The above code sorts a million pseudo random 64-bit integers in about 89 milliseconds with my AMD 7840HS CPU running at 5.1 GHz when single-threaded as here, and that is fast!!! As mentioned in the thread, bottom-up sorting avoids the many allocations for doing partitioning that many top-down versions do and this version just alternates sorting between the original and the alternate allocated array and just returns the last destination one.
Most languages standard library sorting functions prefer a merge sort because it is a stable sort where equal values maintain their order in the List, and because worst case sorting time is still O(n log n) unlike quicksort which is not a stable sort and can be very slow when given a pre-sorted or partially sorted List and the "pivot" point(s) chosen incorrectly. For production, one would probably translate Python's new "power sort" which accounts for pre-sorted runs in the List/array although it does an increase in memory from a factor of twice the size of the List/array as here to up to half again as much for a "stack" of the lengths of the found runs...
Awesome to see this panning out in practice as real perf gains!
I need to look into power sort more. To my understanding glidesort actually uses it as a primitive for example. Cause generally speaking if you are will to allocate a little (sqrt of N) you can sort faster than what you get out of a merge sort.
But you always need the merge sort as the backup for bad cases where quicksort would recurse too far or require too much memory.

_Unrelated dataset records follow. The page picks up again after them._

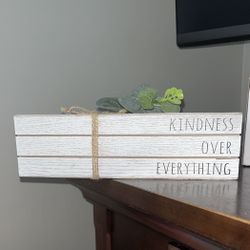 Home Decor  Bundle: Succulents & Decorative Block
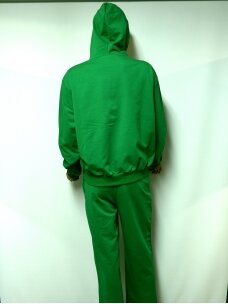 Žalias sportinis kostiumas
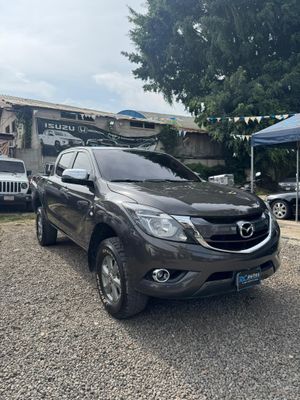 MAZDA BT50 4X4 DE AGENCIA MODELO 2020 DOBLE CABINA MECÁNICO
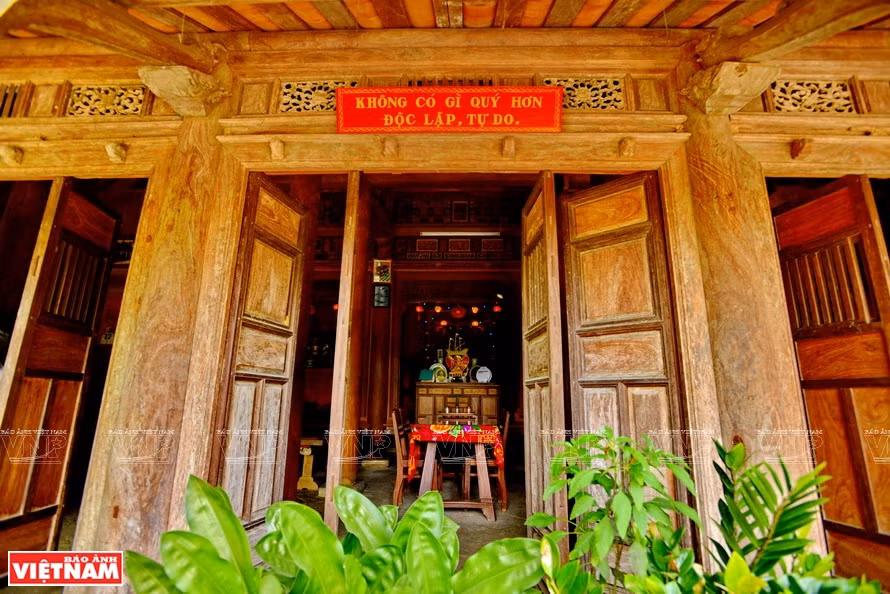 Traditional wood houses in Loc Yen village (Photo: VNP/VNA)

looks like power sort also uses extra memory: but they use a linear-size buffer for efficient merging.
very cool!
btw I don't think stable sorting matters in our case because Roc as a language never exposes reference equality
so I don't think the stability of a sort is observable in Roc code, just in the host
It is noticable in roc cause the users can set the compare function.
main =
x = [2.4, 1.2, 2.3, 2.2, 2.1]
List.sortWith x \a, b ->
Num.compare (Num.round a) (Num.round b)
|> Inspect.toStr
|> Stdout.line!
[1.2, 2.1, 2.4, 2.3, 2.2]
Our sort is currently unstable. Stable would produce:
[1.2, 2.4, 2.3, 2.2, 2.1]
ah fair point :thumbs_up:
Brendan Hansknecht said:
I need to look into power sort more. To my understanding glidesort actually uses it as a primitive for example. Cause generally speaking if you are will to allocate a little (sqrt of N) you can sort faster than what you get out of a merge sort.

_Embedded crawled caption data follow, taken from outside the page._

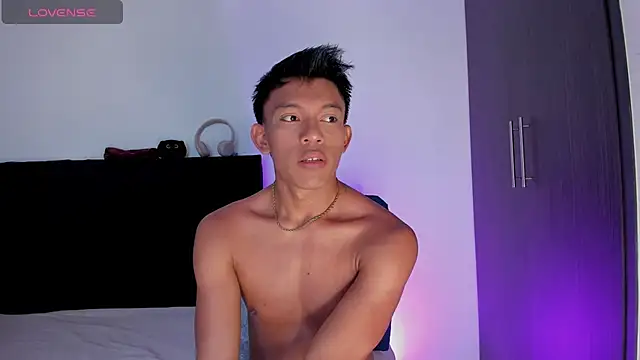 santinaughty online show from February 14, 2026, 5:53 pm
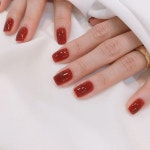 네일터치유Nail_touchU | Pin page 륜짱🐰 on Instagram: “바를수록 딥해지는 블러드컬러...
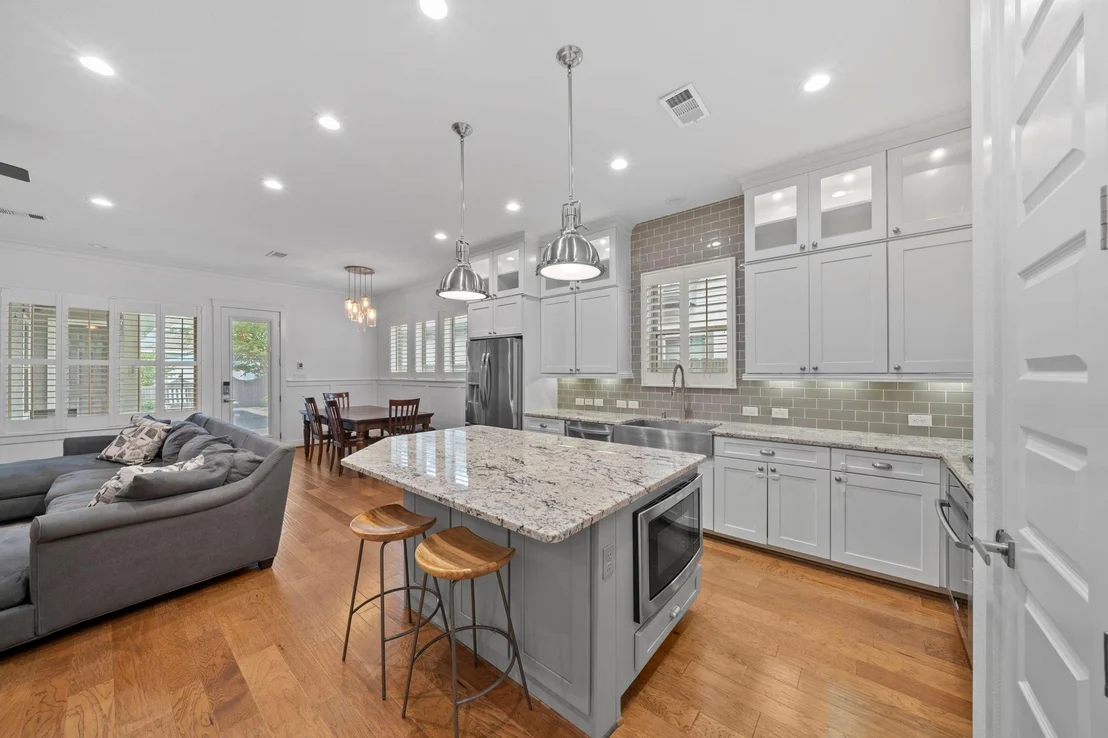 Photo of 17031 Seminole Ridge Drive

All of these "in-place" List/array indexing sorts that respect pre-existing "runs" of data are going to need to allocate a little extra space to keep track of the length of the "runs" yet to be sorted, which is their cost in order to be able to take advantage of those pre-existing runs yet enjoy the advantages of an indexing in-place stable sort; then, managing that extra allocated memory will add to their execution time cost that will detract from the advantage of using the pre-existing "runs".
I think that the choices between powersort, glidesort, and any other variations gets into nit-picky type of territory: All try to balance out the number of merges so that the sorting algorithm more often is merging runs of about equal length for efficiency (less copy moves on average) even though the pre-existing runs may differ greatly in length. Some of the more exotic variations try to do intelligent decisions between different sorting methods based on the "shape" of the data, but it seems to me there will always be cases where the decisions will fail. The very competent Python contributor, Tim Peters, went through all the research and comparisons and chose powersort, but says that there may be (obscure - GBG) cases where other algorithms give better performance. I think its a situation where other slightly different algorithms may give somewhat better performance for certain run combinations but then worse for some situations where power sort is better.
It seems to me that we could save time by respecting Tim Peter's research and just implementing a Roc version of the C code he uses for the new Python standard library sort...
I agree with the general sentiment here, and I think that powersort would be a reasonable algorithm for roc. Like it obviously won't be bad. Clearly will be better than what we currently have by a lot. From real world measurements, it is essentially strictly better than timsort. That said, timsort has had a well known really bad case for a long time where it ends up merging length ~1 arrays with giant arrays.
That said, I think there is definitely more to consider here:
n/2
. For any given merge of arrays A
and B
it requires min(len(A), len(B))
extra memory.Brendan Hansknecht said:
That said, timsort has had a well known really bad case for a long time where it ends up merging length ~1 arrays with giant arrays.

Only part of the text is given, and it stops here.